[Mesa-dev] [PATCH 1/5] i965: Push miptree tiling request into flags

[Matt Turner]

On Thu, Jul 16, 2015 at 11:49 AM, Chad Versace <chad.versace at intel.com> wrote:
> On Tue 14 Jul 2015, Ben Widawsky wrote:
>> With the last few patches a way was provided to influence lower layer miptree
>> layout and allocation decisions via flags (replacing bools).
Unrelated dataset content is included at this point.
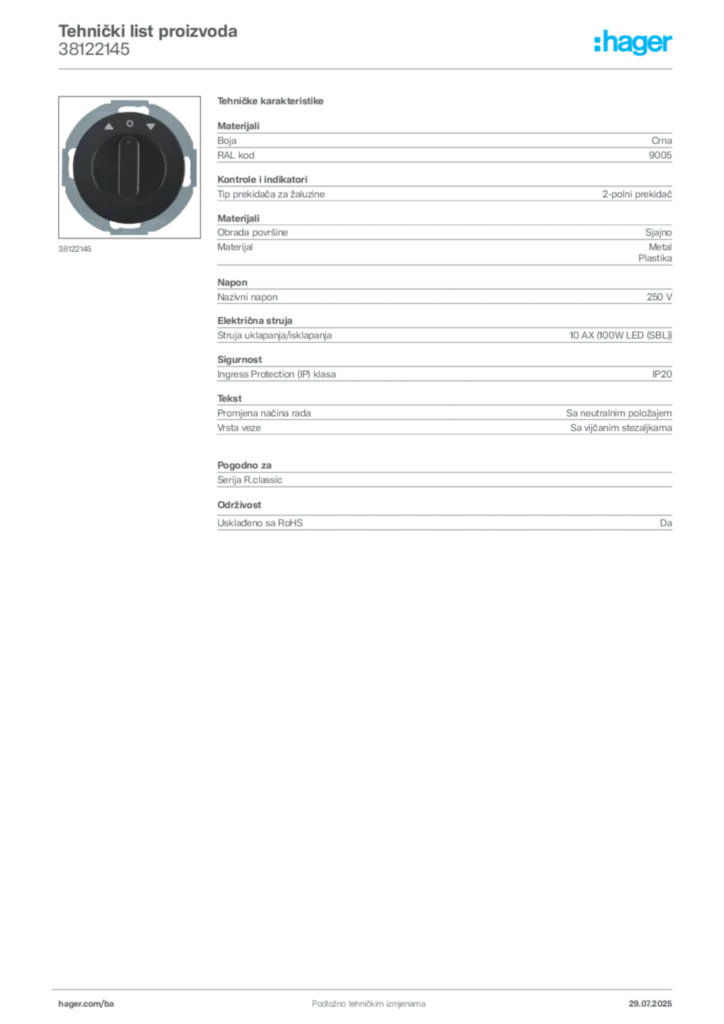Slika Hager Product data sheet 38122145  | Hager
For simplicity, I
>> chose not to touch the tiling requests because the change was slightly less
>> mechanical than replacing the bools.
>>
>> The goal is to organize the code so we can continue to add new parameters and
>> tiling types while minimizing risk to the existing code, and not having to
>> constantly add new function parameters.
>>
>> v2: Rebased on Anuj's recent Yf/Ys changes
>> Fix non-msrt MCS allocation (was only happening in gen8 case before)
>>
>> Cc: Anuj Phogat <anuj.phogat at gmail.com>
>> Cc: Chad Versace <chad.versace at intel.com>
>> Signed-off-by: Ben Widawsky <ben at bwidawsk.net>
>
> I have one nitpick...
>
>> -   /* 'requested' parameter of intel_miptree_create_layout() is relevant
>> -    * only for non bo miptree. Tiling for bo is already computed above.
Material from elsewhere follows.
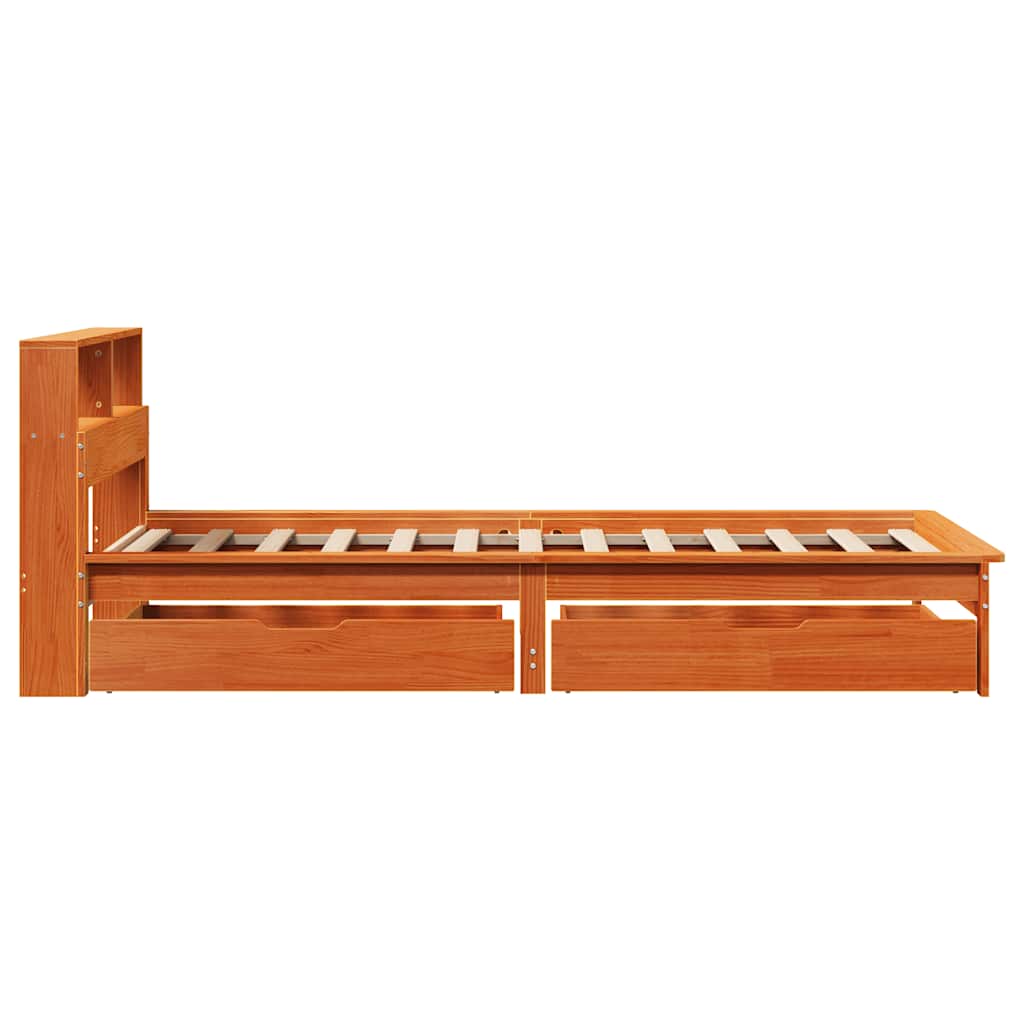 Letto Libreria senza Materasso Marrone Cera 90x200 cm in Pino | homemem39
>> -    * So, the tiling requested (INTEL_MIPTREE_TILING_ANY) below is
>> -    * just a place holder and will not make any change to the miptree
>> -    * tiling format.
>> +   /* The BO already has a tiling format and we shouldn't confuse the lower
>> +    * layers by making it try to find a tiling format again.
>>      */
>> +   assert((layout_flags &
>> +          (MIPTREE_LAYOUT_ALLOC_ANY_TILED | MIPTREE_LAYOUT_ALLOC_LINEAR)) == 0);
>>     layout_flags |= MIPTREE_LAYOUT_FOR_BO;
>
> I think the assert would be more readable if split as below. Also, the
> split version eliminates uncertainty when interpreting the assertion
> failure: it will tell exactly which offending flag is present.
>
>     assert(layout_flags & MIPTREE_LAYOUT_ALLOC_ANY_TILED == 0);
>     assert(layout_flags & MIPTREE_LAYOUT_ALLOC_LINEAR == 0);

Note that you need parentheses around the & expression. Otherwise you
actually get a & (b == c).